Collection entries
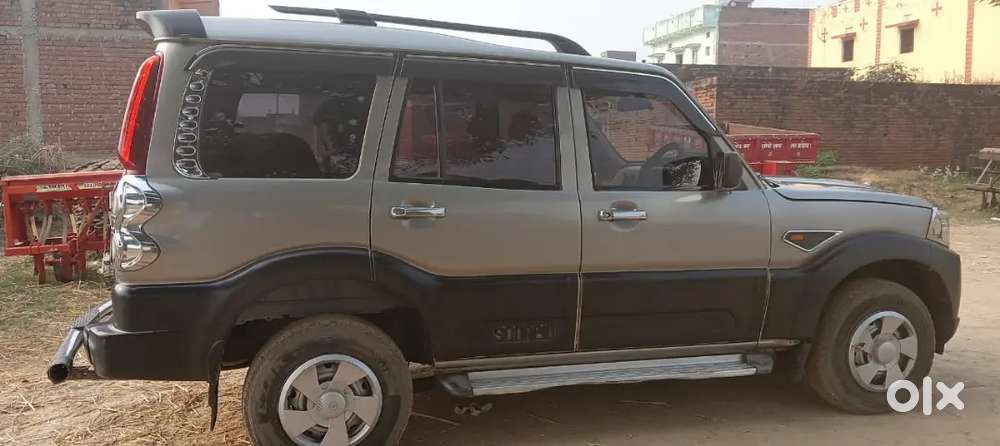 Mahindra Scorpio 2015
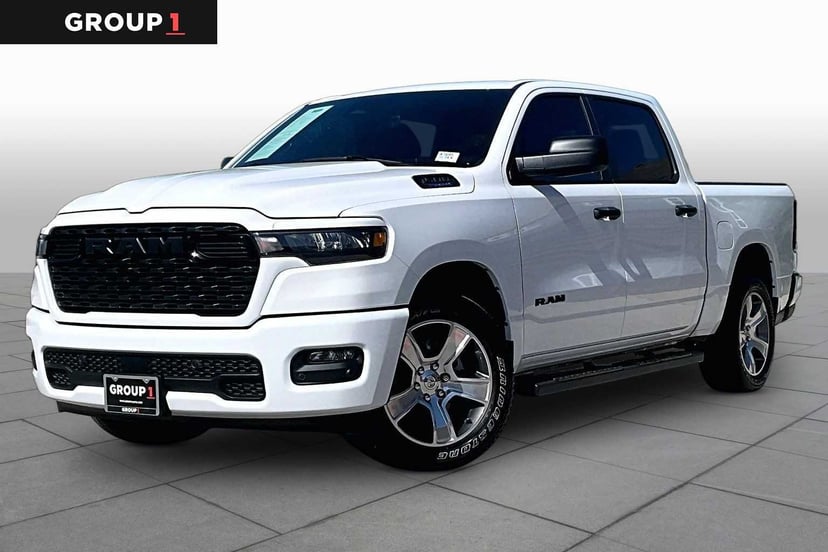 2025 Ram 1500 - Image 3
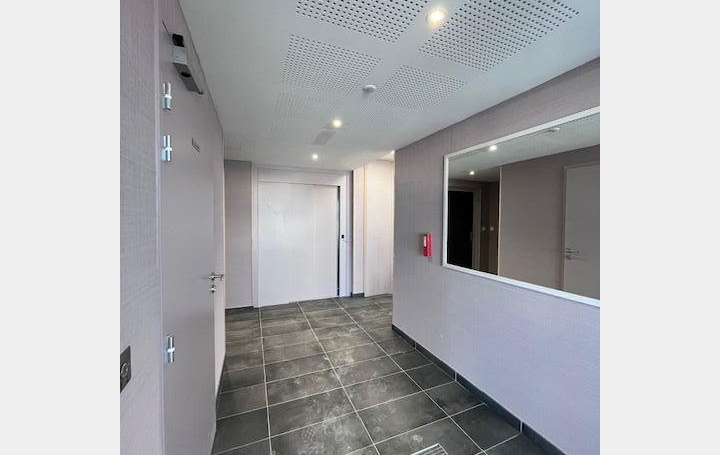 2 Pièces FAGNIERES (51510)  51 m2 611 € 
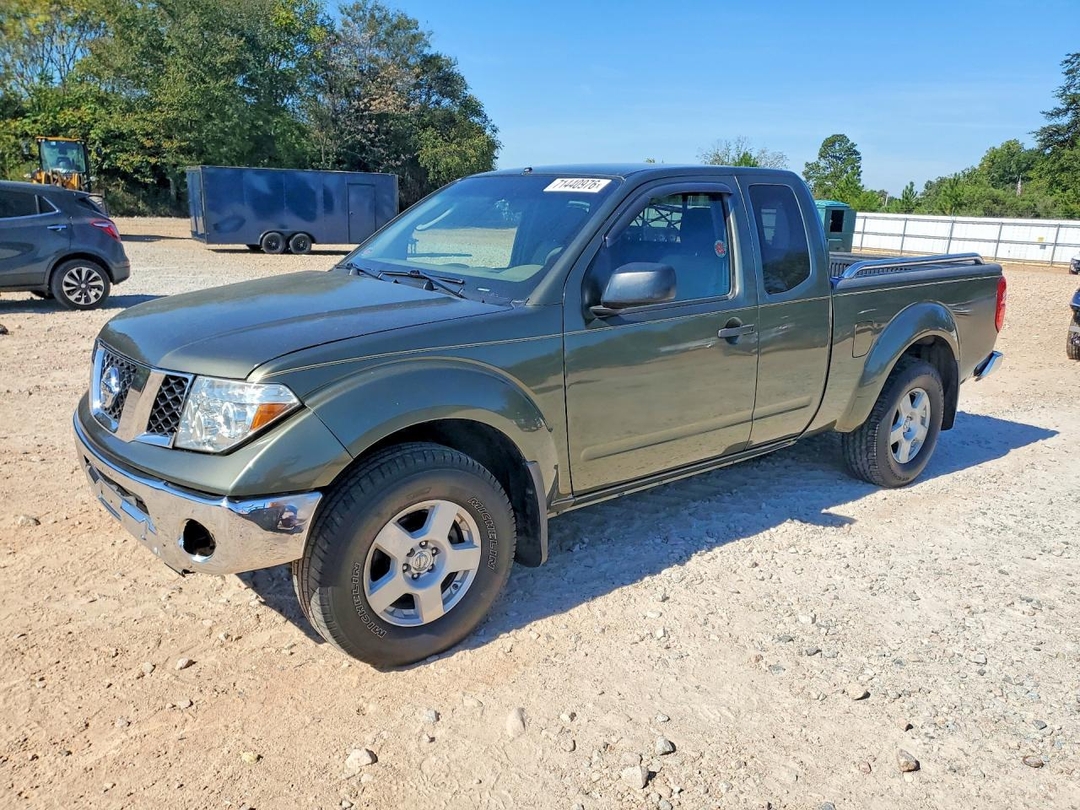 منظر 2005 NISSAN FRONTIER SE، زاوية 1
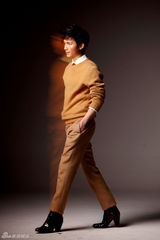 组图：陈楚生最新专辑写真转型优雅轻熟男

## YOUR ASSIGNMENT
Give the records a second time exactly, keeping the images out.

## TASK OUTPUT
 Mahindra Scorpio 2015
 2025 Ram 1500 - Image 3
 2 Pièces FAGNIERES (51510)  51 m2 611 € 
 منظر 2005 NISSAN FRONTIER SE، زاوية 1
 组图：陈楚生最新专辑写真转型优雅轻熟男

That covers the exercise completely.